I would like to prove $\sum_{k=0}^{n}{k {n \choose k}}=n2^{n-1}$ with a combinatorial proof, once I already know to prove it algebrically. I thought about it in the following way:
Consider a set $S=\{x_1,...,x_n\}$ with $n$ elements. How many ways can I choose a subset of S with a leader element?
I) Consider a subset of $S$ with $k+1$ elements. I can start by choosing the $k$ non-leader elements ,${n \choose k}$, and then from the other $n-k$ elements I can choose the leader, ${n-k \choose 1}$. Therefore there exist ${n-k \choose 1}{n \choose k}=(n-k){n \choose k}=(n-k){n \choose n-k}$ ways of choosing a subset of $S$ with $k+1$ elements. Therefore there are $\sum_{k=0}^{n-1}{(n-k) {n \choose n-k}}$.

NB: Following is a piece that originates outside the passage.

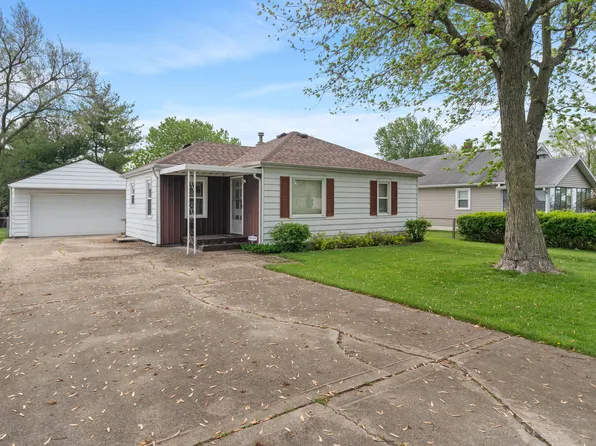 327 S Biltmore Ave, Indianapolis, IN 46241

II)Every element can be leader. Therefore for each leader I have to join a subset of $S$ that does not include the leader, $n2^{n-1}$.
Is it a combinatorial proof? I would be very happy if anyone could share a different one.
Your reasoning is correct, but what it proves is that
$$\sum_{k=0}^{n-1}(n-k)\binom{n}{n-k}=n2^{n-1}\,;$$
in order to complete the proof, you have to show that
$$\sum_{k=0}^{n-1}(n-k)\binom{n}{n-k}=\sum_{k=0}^nk\binom{n}k\,.$$
This isn’t hard:
$$\sum_{k=0}^{n-1}(n-k)\binom{n}{n-k}=\sum_{k=1}^nk\binom{n}k=\sum_{k=0}^nk\binom{n}k\,.$$
But you can avoid this step by using the story suggested in the comments: $k\binom{n}k$ is the number of ways to choose $k$ elements and then choose one of those $k$ to be the leader.